• **WHAT THIS TASK INVOLVES**
Exact copies of the lines from the one with "Minnesota woman has" through the last line of the entries, and no pictures, make up the answer.

--

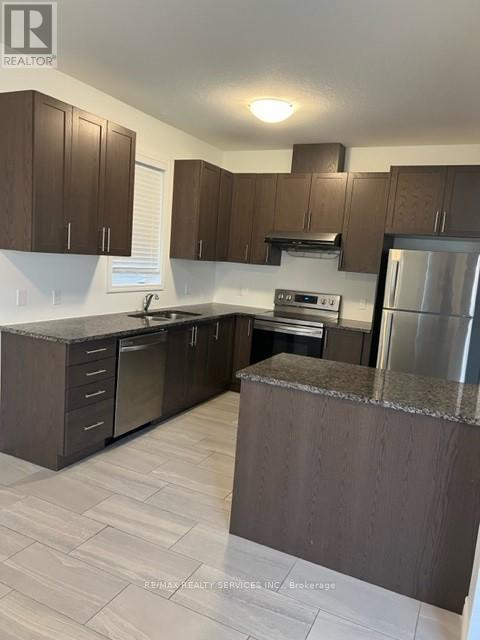 920 Tartan Court, Kitchener, Ontario  N2R 0N2 - Photo 2 - X12763888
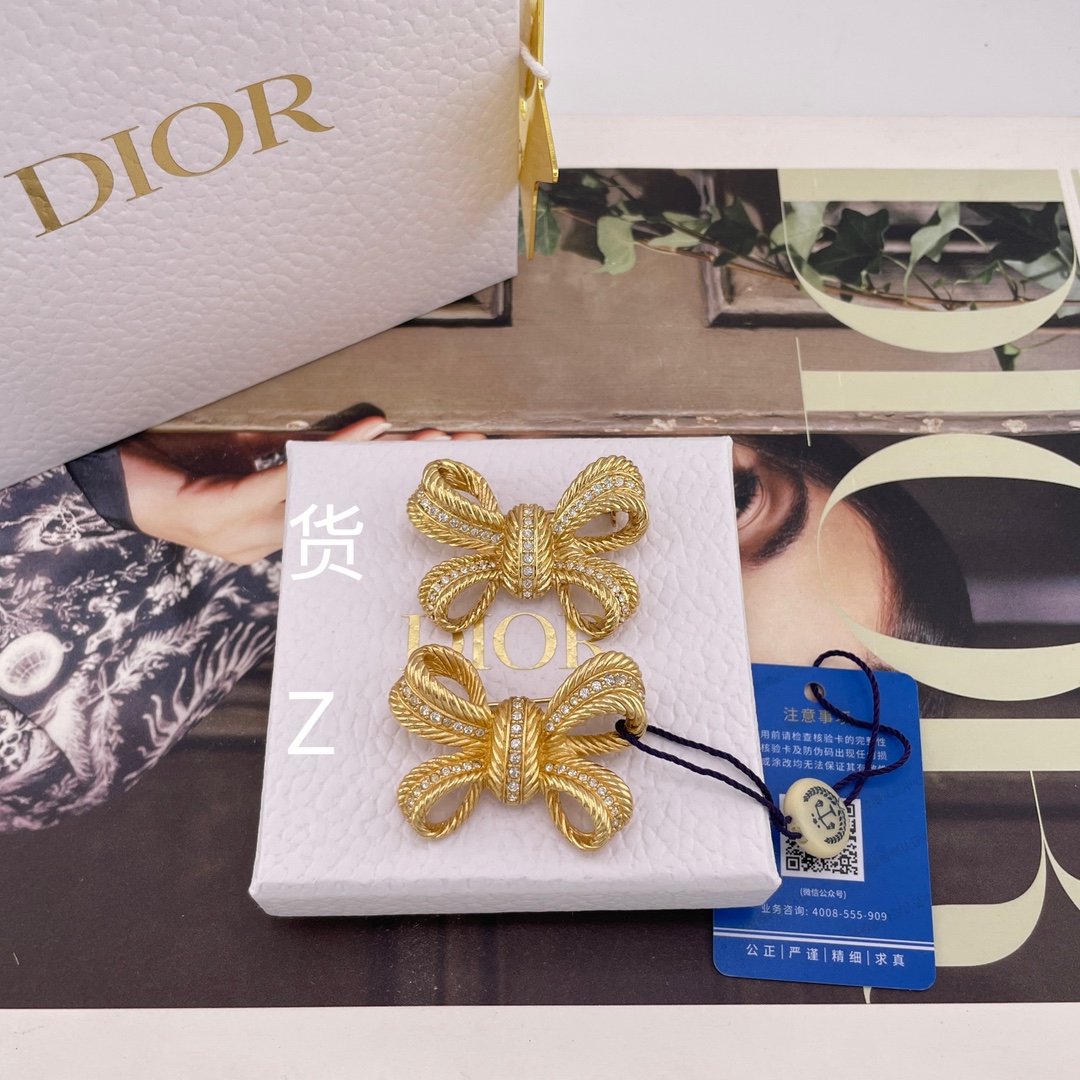 NO:635524,Z VS us!  Look for our products!  Only compare with the target z and infinitely zoom in!  For us, the craftsmanship of jewelry can now be completely achieved at 99.99. The remaining 0.01 is left to yourself. Don’t be too proud. You can be proud to say that even if others buy Z, they can’t 100% achieve our craftsmanship. Don’t be afraid to compare!  Because all our masters are goldsmiths, every hardware accessory is polished and polished one by one under a microscope, magnified countless times, and they are completely made in the spirit of making atomic bombs, so the level of perfection can be truly said, Cardia high-end jewelry19860909Z VS 我们！认准我们家出品！只对标z无限放大对比！饰品类的工艺现在对于我们来说,完完全全能做到99.99,剩下0.01留给自己别太骄傲,可以很自豪的说,别人就算有买Z,也百分百做不到我们的工艺,不怕去对比！因为我们所有的师傅都是做开金货的师傅,每一个五金配件都是在显微镜下,放大无数倍,一一抛光打磨而成,完完全全就是秉着造原子弹的精神,来做饰品类的货,因此完美程度真心可以说,,卡迪亚高端饰品,Jewelry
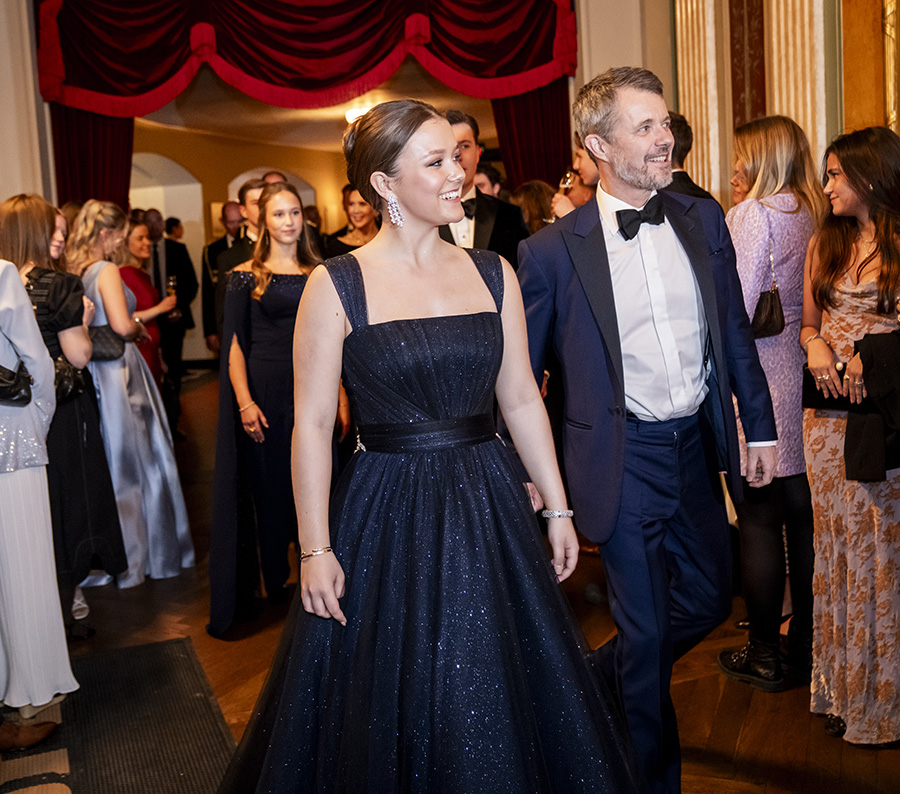 Storslagen galafest för prinsessan Isabella som fyller 18 år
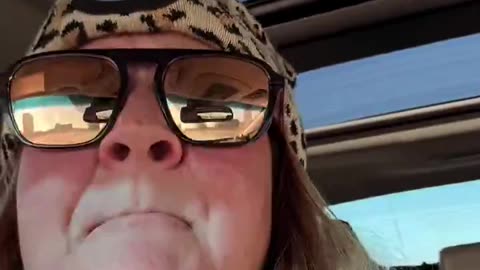 Minnesota woman has a COMPLETE MELTDOWN while driving, screaming and crying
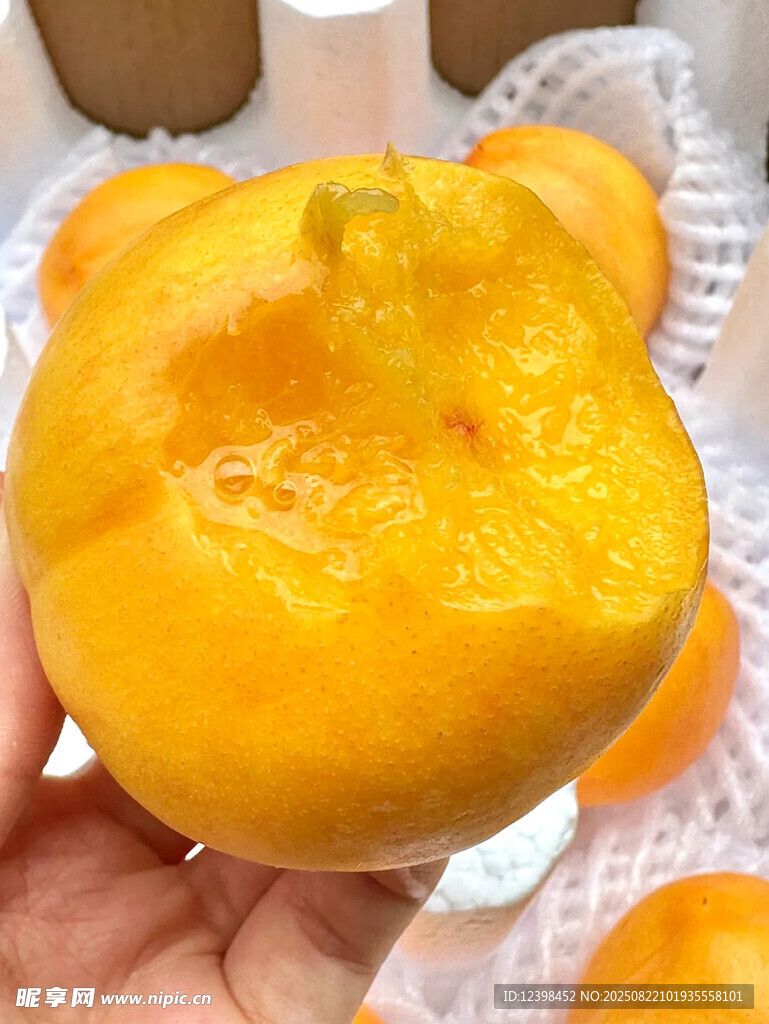 手捧多汁黃桃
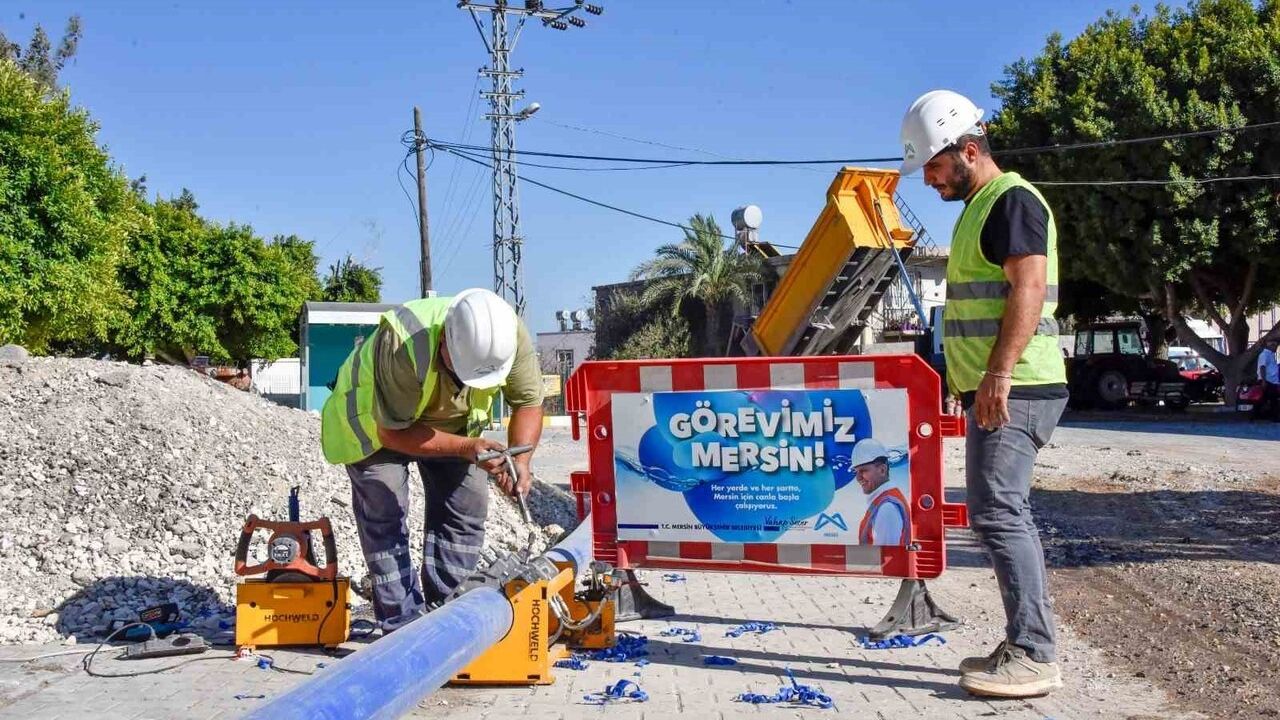 MESKİ, Camili Mahallesi'nde 1800 metrelik içme suyu terfi hattını yeniledi ve su kesintilerini sonlandırdı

--

• **FINAL ANSWER**
 Minnesota woman has a COMPLETE MELTDOWN while driving, screaming and crying
 手捧多汁黃桃
 MESKİ, Camili Mahallesi'nde 1800 metrelik içme suyu terfi hattını yeniledi ve su kesintilerini sonlandırdı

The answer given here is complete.